In June 2001, Slovenia adopted the Law on Media providing rules and regulations for the entire media sphere. It paid regard to the provisions of the aquis communautaire for the media field – Directive on television without frontiers – Council Directive 89/552/EGS and Directive of the European Parliament and Council 97/36/ES – and the Council of Europe – Convention on cross-border television and the Protocol which amends the European Convention on cross-border television. The Act also contains provisions on implementing programme quotas in the programmes of television broadcasters operating under the jurisdiction of the RS.

The Post and Electronic Communications Agency of the RS, is an independent organisation which, in line with the Media Act, Audiovisual Media Services Act and Electronic Communications Act, has responsibilities relating to the functioning and development of telecommunications and the telecommunications market, the use of the radio frequency spectrum and other tasks relating to the set up and monitoring of radio and television activities.

In 2006 the Act Amending the Media Act was adopted under the right wing coalition that introduced an annual call for pluralisation of the media, in the amount of approximately 4 million EUR and media call worth of 2.3 million EUR for programmes of special importance. Both measures have been contested by opposition as bias since the main criteria, i.e. "how balanced they report on politics, especially on ruling parties and opposition" ment in practise that for example in 2007 the biggest subsidy was given to the weekly established by the ruling party. In 2014 under the left wing coalition the amount for both calls decreased to 1.3 million EUR and 0.9 million EUR. In 2011 the Audiovisual Media Services Act was adopted, which transposes the audiovisual media services directive. The Directive amends the Television Without Frontiers Directive in a number of areas including enlargement in scope, advertising rules, advertising "unhealthy" foods and beverages in children's programmes, and promotes areas including media literacy, co & self regulation, and access for persons with a hearing or visual impairment. The Directive also has a significant cultural dimension and has a major influence on the shape of European broadcasting. This includes provisions in relation to quotas for European programming, short news reporting, rules on the insertion of advertising and the provisions in relation to the designation of certain events as events of major importance to society.

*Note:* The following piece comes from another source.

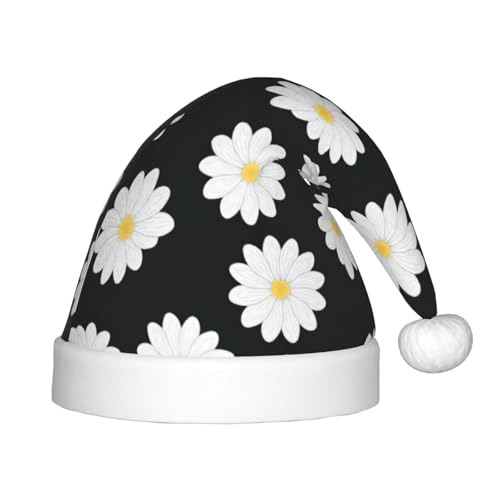 zkyfll Weihnachtsmütze mit weißem Gänseblümchen-Motiv, kleine Größe, Weihnachtsgeschenke, Plüsch, lustige Weihnachtsmütze, Party zkyfll Weihnachtsmütze mit weißem Gänseblümchen-Motiv, kleine Größe, Weihnachtsgeschenke, Plüsch, lustige Weihnachtsmütze, Party von zkyfll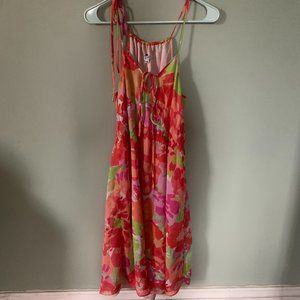 Walter Floral Tie Sundress Flowy Size 4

Audiovisual media services act therefore nullifies a part of the Media Act and regulates the following areas:

  • protection of children and minors;
  • promotion of the distribution and production of european audiovisual works;
  • audiovisual commercial communication;
  • television advertising and teleshopping; and
  • exclusive rights and right to short news reports.

The Radio-Television Slovenia Act determines Radio-Television Slovenia (RTV Slovenia) as a provider of public services in the field of radio and television activities. Radio-television Slovenia is a public institution, which is financed through statutorily determined RTV contributions and advertising.

The Ministry outlined the positive consequences of the RTV Act as follows:

  • the financial operation of a public institute is now positive;
  • digitalisation of radio-diffusion broadcasting is in a state of successful implementation; and
  • the licence payments for RTV have not increased; in fact they have decreased (by an inflation percentage). The new Act has a new provision on exemption for payment of the licence for the socially weakest group (approximately 430 TV subscribers).